Sabine Hossenfelder: Backreaction: Self-driving car rewarded for speed learns to spin in circles. Or, how science works like a neural net.

Saturday, November 10, 2018

Self-driving car rewarded for speed learns to spin in circles. Or, how science works like a neural net.

When I write about problems with the current organization of scientific research, I like to explain that science is a self-organizing, adaptive system. Unfortunately, that’s when most people stop reading because they have no idea what the heck I am talking about.

I now realized there is a better way to explain it, one which has the added benefit of raising the impression that it’s both a new idea and easy to understand: Science works like a neural network. Or an artificial intelligence, just to make sure we have all the buzzwords in place. Of course that’s because neural networks are really adaptive systems, neither of which is really a new idea, but then even Coca Cola sometimes redesigns their bottles.

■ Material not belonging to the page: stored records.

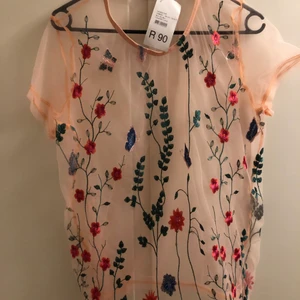 Rosa genomskinlig blommig T-shirt  - NY aldrig använd, Rosa genomskinlig ”T-shirt” med blommor, köpt utomlands. 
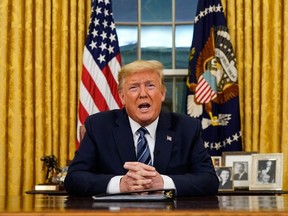 US President Donald Trump addresses the Nation from the Oval Office about the widening novel coronavirus (Covid-19) crisis in Washington, DC on March 11, 2020.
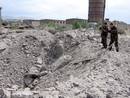 Dos militares georgianos toman im&aacute;genes del agujero que ha dejado una bomba lanzada desde un avi&oacute;n en la ciudad de Gori (Georgia).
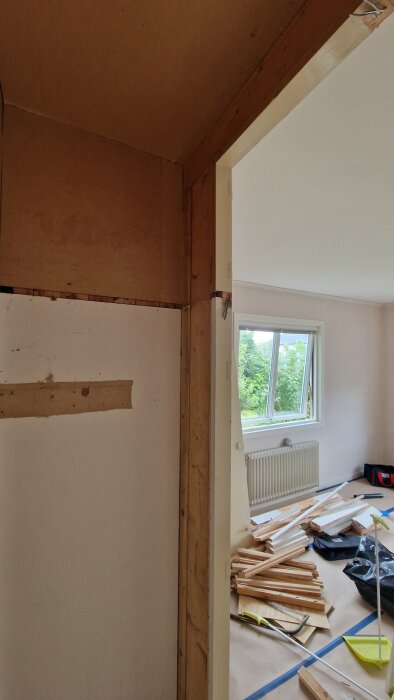 Renovering av garderob med potentiellt bärande brädor, trä och verktyg spridda på golvet, utsikt genom ett fönster i bakgrunden.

In science, we have a system with individual actors that we feed with data. This system tries to optimize a certain reward-function and gets feedback about how well it’s doing. Iterate, and the system will learn ways to achieve its goals by extrapolating patterns in the data.

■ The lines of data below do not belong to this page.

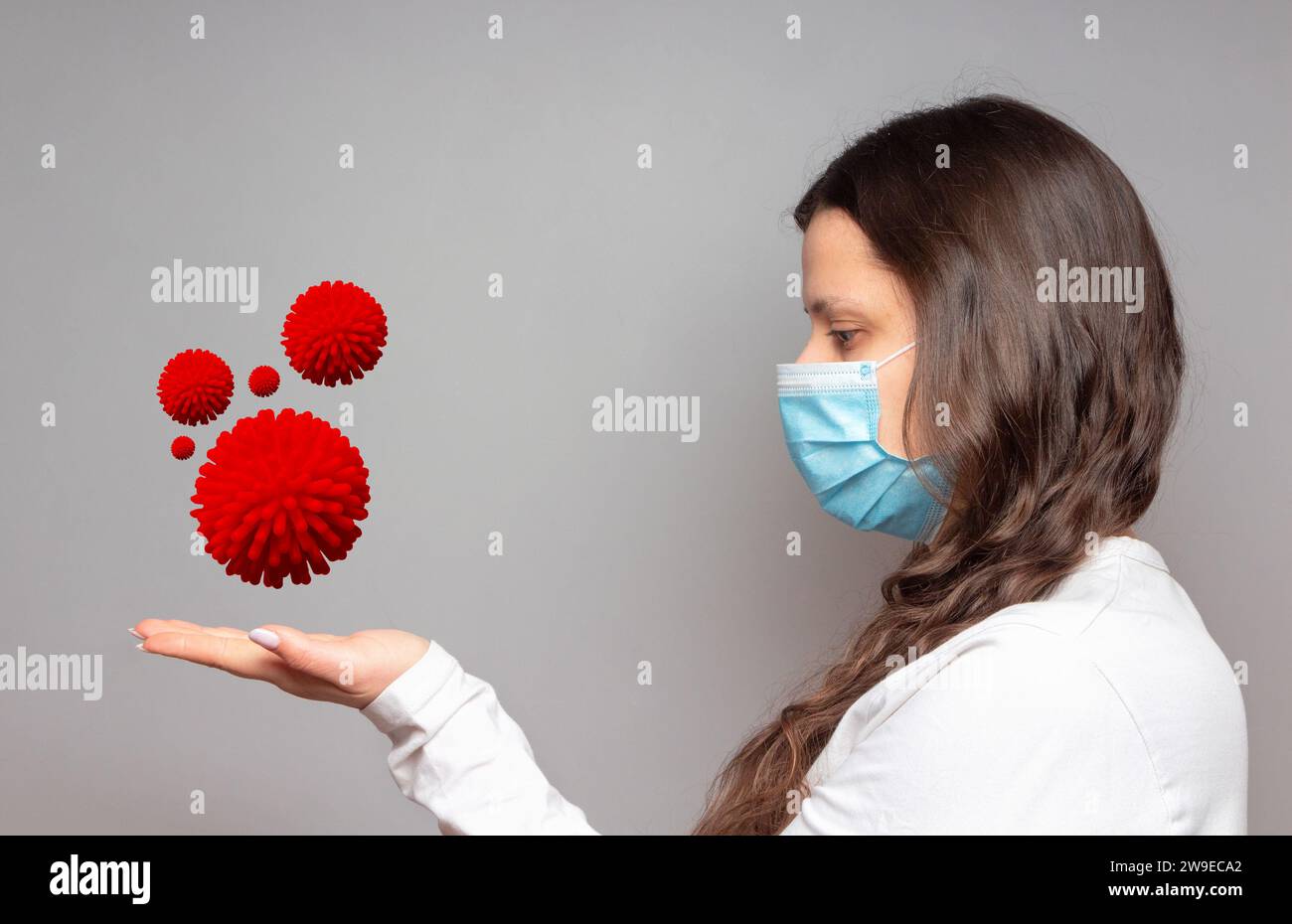 Ragazza in maschera protettiva medica tiene sul palmo i batteri Covid -19. Concetto di pandemia di coronavirus. Foto Stock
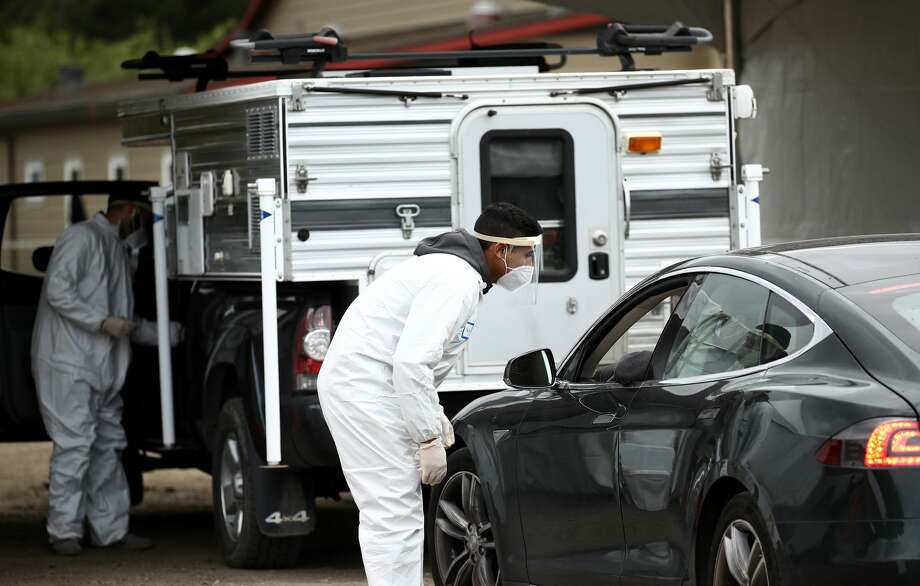 A medical professional administers a coronavirus (covid-19) test at a drive thru testing location conducted by staffers from University of California, San Francisco Medical Center (UCSF) in the parking lot of the Bolinas Fire Department April 20, 2020 in Bolinas, California. The town of Bolinas, with a population of 1600, is attempting to test the entire town for COVID-19. The test had two components - the first is a blood test that will look for antibodies, and the second is a mouth and throat swab that can detect active coronavirus infections. Photo: Ezra Shaw/Getty Images / 2020 Getty Images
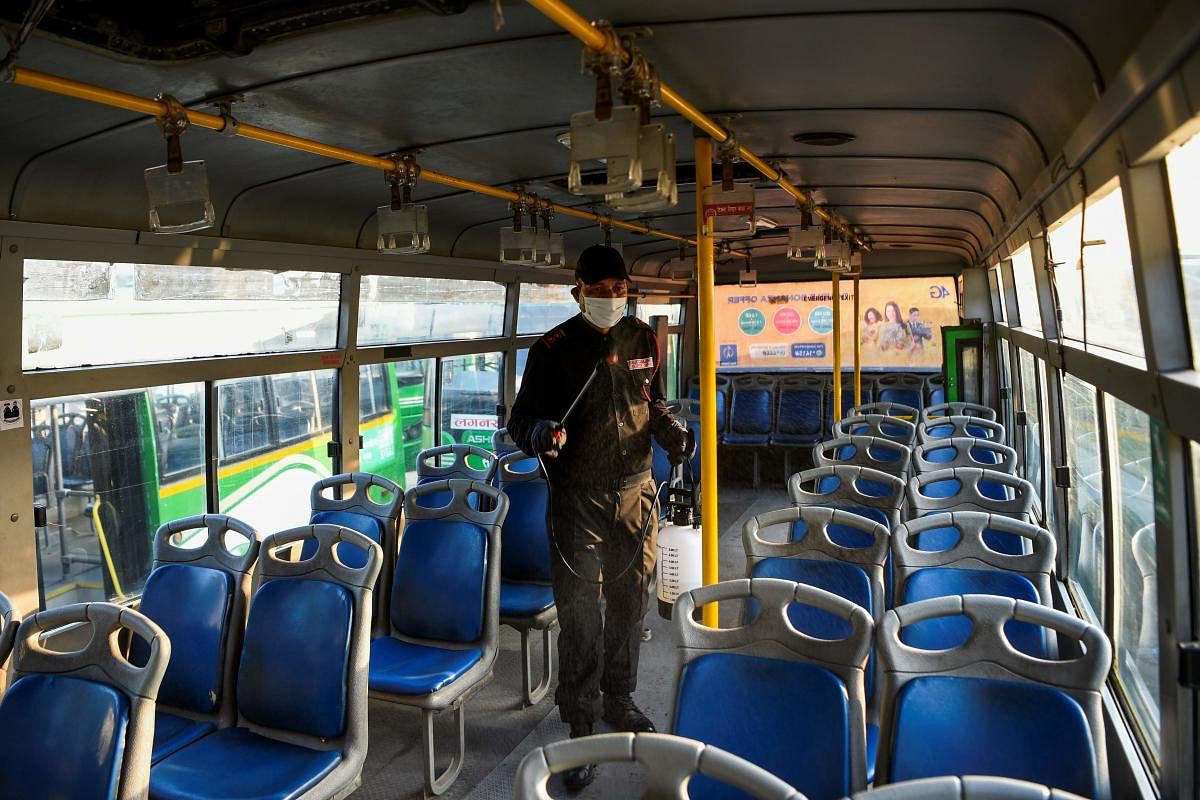 A worker sprays disinfectant to sanitize a public bus as a preventive measure against the COVID-19 coronavirus at a bus depot in Kathmandu (AFP Photo)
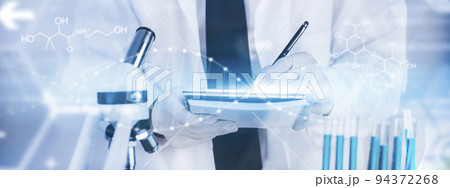 biochemical research scientist working with a microscope for the virus,Doctor man write a history of the experimental results in a , laboratory glassware containing chemical liquid for design. 94372268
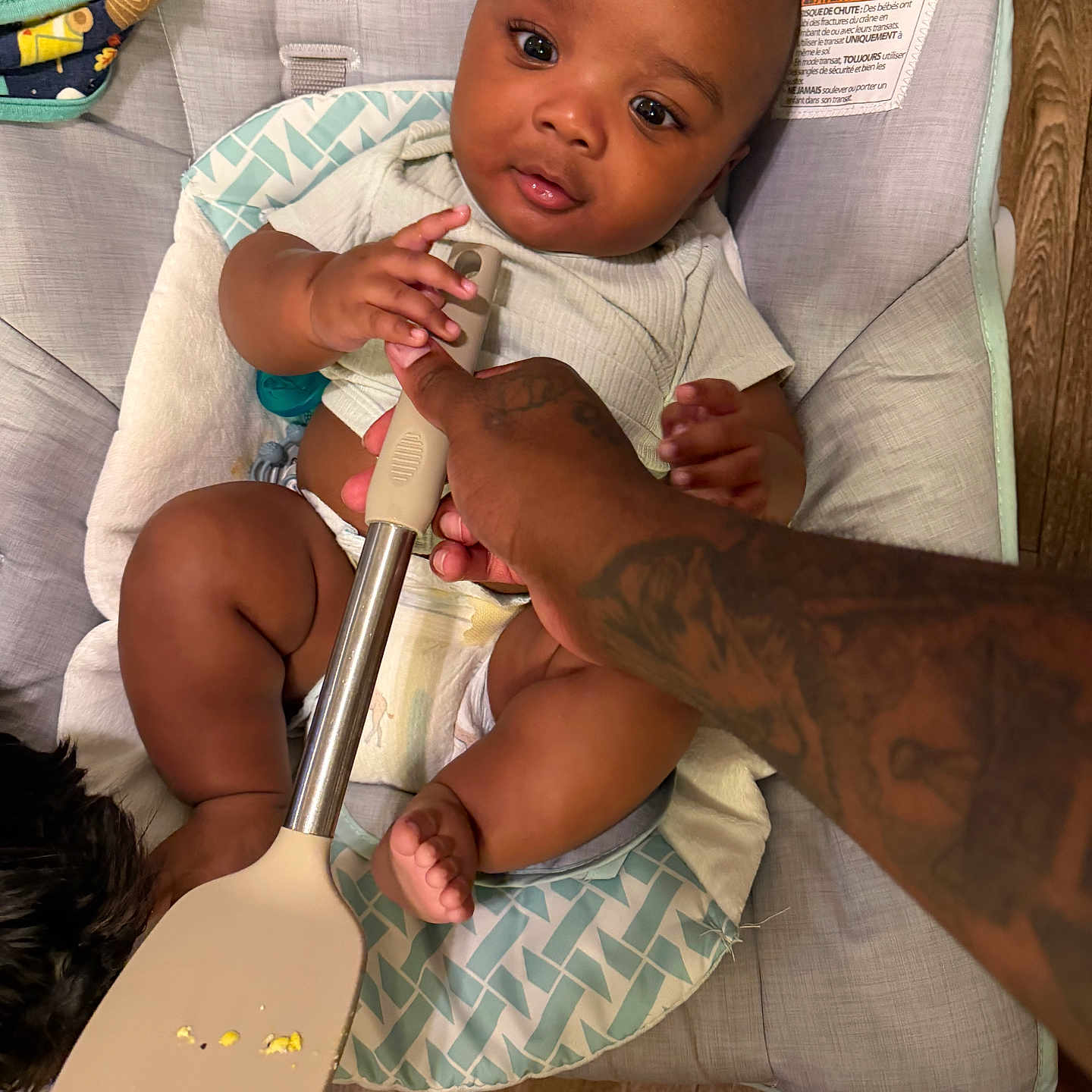 Genesis joined the competition — help win amazing prizes! baby, infant, child, cushion, seat, spatula, hand, tattoo, food, floor, blanket, wooden_floor, curious, indoors, clothing, diaper, skin, face, eyes, mouth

Neural nets can be a powerful method to arrive at new solutions for data-intensive problems. However, whether the feedback loop gives the desired result strongly depends on how carefully you configure the reward function. To translate this back to my going on about the malaises of scientific research, if you give researchers the wrong incentives, they will learn unintended lessons.

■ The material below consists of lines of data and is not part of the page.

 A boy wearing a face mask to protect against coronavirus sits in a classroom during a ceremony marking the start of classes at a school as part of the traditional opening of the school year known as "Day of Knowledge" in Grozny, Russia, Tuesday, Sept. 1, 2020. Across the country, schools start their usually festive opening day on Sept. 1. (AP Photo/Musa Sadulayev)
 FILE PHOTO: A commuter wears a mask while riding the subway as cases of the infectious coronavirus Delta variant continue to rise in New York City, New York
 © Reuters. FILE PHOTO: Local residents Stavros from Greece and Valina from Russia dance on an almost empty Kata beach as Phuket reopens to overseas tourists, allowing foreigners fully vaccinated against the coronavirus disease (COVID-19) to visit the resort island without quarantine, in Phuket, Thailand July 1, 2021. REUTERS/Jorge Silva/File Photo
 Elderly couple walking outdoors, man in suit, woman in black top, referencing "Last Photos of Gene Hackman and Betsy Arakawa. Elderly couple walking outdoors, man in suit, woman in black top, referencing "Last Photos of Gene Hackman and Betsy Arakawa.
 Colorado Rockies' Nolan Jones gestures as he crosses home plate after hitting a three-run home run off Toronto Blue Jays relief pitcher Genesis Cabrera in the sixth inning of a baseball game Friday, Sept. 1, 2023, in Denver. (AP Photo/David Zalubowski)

Just the other day I came across a list of such unintended lessons learned by neural nets. Example: Reward a simulated car for continuously going at high speed, and it will learn to rapidly spin in a circle:

limited state info from sim though... was wondering if maintaining high speed was a reasonable reward for RL? nope... #kenBlock pic.twitter.com/rr3H1jL3gQ
— mat kelcey (@mat_kelcey) July 15, 2017

Likewise, researchers rewarded to produce papers at a high frequency will learn to rapidly spin around their own axis by inventing and debating problems that don’t lead anywhere. Some recent examples from my own field are the black hole firewall, the non-naturalness of the Higgs-mass, or the string theory swampland.

Here is another gem: “Agent pauses the game indefinitely to avoid losing.” I see close parallels to the current proliferation of theories that are impossible to rule out, such as supersymmetries and multiverses.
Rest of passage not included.